See you at Borders World Trade Centre tomorrow, if you`re in the NY area. The Libretto is working fine but if the bloody thing has a real apostrophe I can`t find it. So I`m using these.

The American Gods tour began in the World Trade Centre, and then I got home from the tour and nobody would ever sign in that bookshop ever again.

It's weird reading some of the old posts, and remembering:

From Sept 14th 2001, two posts:

An e-mail arrived in the FAQ thing explaining, very reasonably, that AMERICAN GODS made the World Trade Centre Disaster happen. It began by quoting Jerry Falwell's recent comments, The abortionists have got to bear some burden for this because God will not be mocked. And when we destroy 40 million little innocent babies, we make God mad. I really believe that the pagans, and the abortionists, and the feminists, and the gays and the lesbians who are actively trying to make that an alternative lifestyle, the ACLU, People for the American Way -- all of them who have tried to secularize America -- I point the finger in their face and say, 'You helped this happen.' And then explained that the reader had read much of American Gods before realising that even reading it was an act of idolatrous demon-worship, and had burned his copy. (Or her copy, I suppose.) It wanted to know if I was happy now?

The implication, I guess, was that God was just about tolerating the pagans, Lesbians, ACLU etc., but then American Gods was published, and it tipped Him over the edge.

Insert picture of author here, sighing, shaking his head, getting back to work.


Lots of nice letters from religious people of all stripes and sects who like reading books, disavowing both Mr Falwell and the previous correspondent. S'okay. While I didn't take it any more seriously than the American Family Association "boycott" of Sandman (like Donald Wildmon and his people were buying Sandman to begin with) I did take it as a cautionary tale,and a reminder: as long as you know who God wants you to hate and to hurt then anything you do to them is justified.

Abbot Arnold's line in the Albigensian Crusades (around 1210 from memory) still turns up on Tee shirts. The Albigensian Crusade was an internal French Crusade to root out heresy. When Arnold was asked how the troops would know how to tell the heretics from the believers in the city of Beziers, he replied simply, "Kill them all. God will know his own."

and a few days later...

And an e-mail comes in on FAQ with a heartfelt request:

Will you try to use your status as a celebrity to protect against the violence done to Muslim Americans? I'm sure and other famous people speaking out against these acts would be great...

Well, sure, for whatever good it will do.
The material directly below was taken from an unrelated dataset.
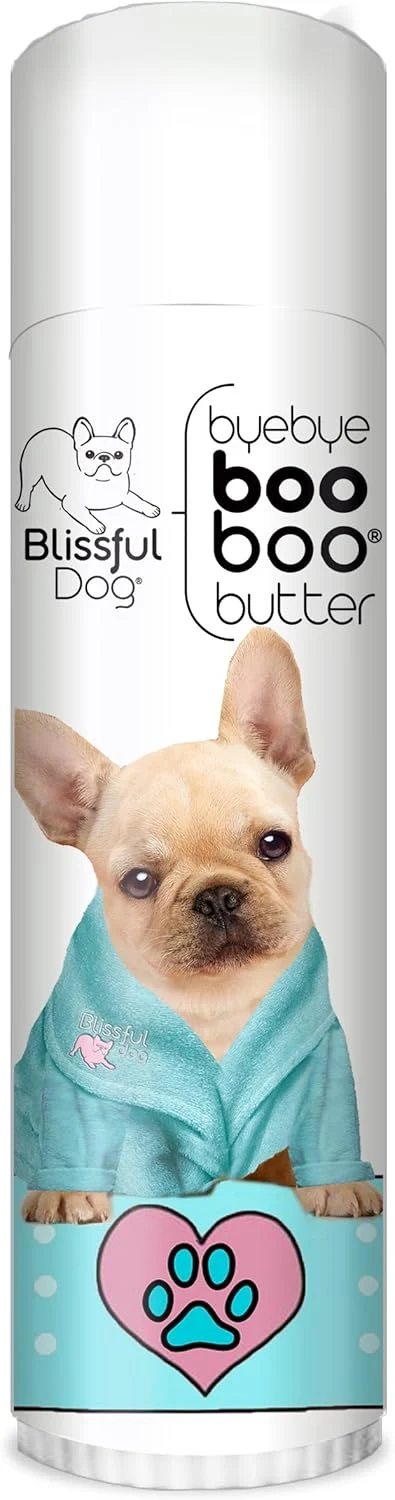 Excellent The Blissful Dog .50 oz Tube French Bulldog Booboo Butter Powerful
The people who would do violence to Muslims, or to Americans of Arab descent, are probably not reading this blogger. (And considering the first death in 'retaliation' of an American was some people in Arizona shooting a Sikh (from the Punjab, and, as a Sikh, obviously not a follower of Islam), I don't even think that, for example, explaining that the Taliban no more represents Islam than Torquemada and his thugs represented Christianity or the Nazi Party represented neo-paganism would do much good. The Arizonans who killed the Sikh spotted the guy with the beard in the turban and figured that the gentleman had committed the crime of being brown-skinned and foreign, and that was enough for them.)

(And me, I wish people would reread Sandman # 50, RAMADAN, and the ifrit chapter in American Gods.)
posted by Neil Gaiman 12:33 AM

and finally, from Trieste, on September the 23rd 2001..

It rained all day today -- grey, and misty. Yesterday, also in the rain, we walked across the Square of Unity, and found ourselves watching jugglers and suchlike, in unconvincing costumes, and a parade of re-enactors from nearby towns, wearing things people didn't wear, carrying weapons they didn't have. It's all going renfest, I think. The whole bloody world. Not that I minded; there's nothing to cheer you up like other people wearing wet chainmail.

En route today to the home of Maximilian, the rain forced us into a dry space which happened to be holding an exhibition of Robert Capa photographs: astonishing stuff, of the Spanish Civil War, of the Second World War, of the Japanese-Chinese War of 1938, and I found myself looking at the photos of combat, of wounded civilians, of people whose worlds had crumbled and fallen, without any sense of irony. These people were us. Whatever side they were on. They were us, and the images had a truth and an immediacy I couldn't have imagined until recently.


I'm typing up Fortunately, The Milk, a very silly children's book that Dave McKean will draw (and he made me promise that after this, the next thing we do will be very dark and very adult). I finished writing it yesterday, and called Dave and read it to him. It was meant to be about the length of The Day I Swapped My Dad For Two Goldfish, but it's actually about four or five times as long.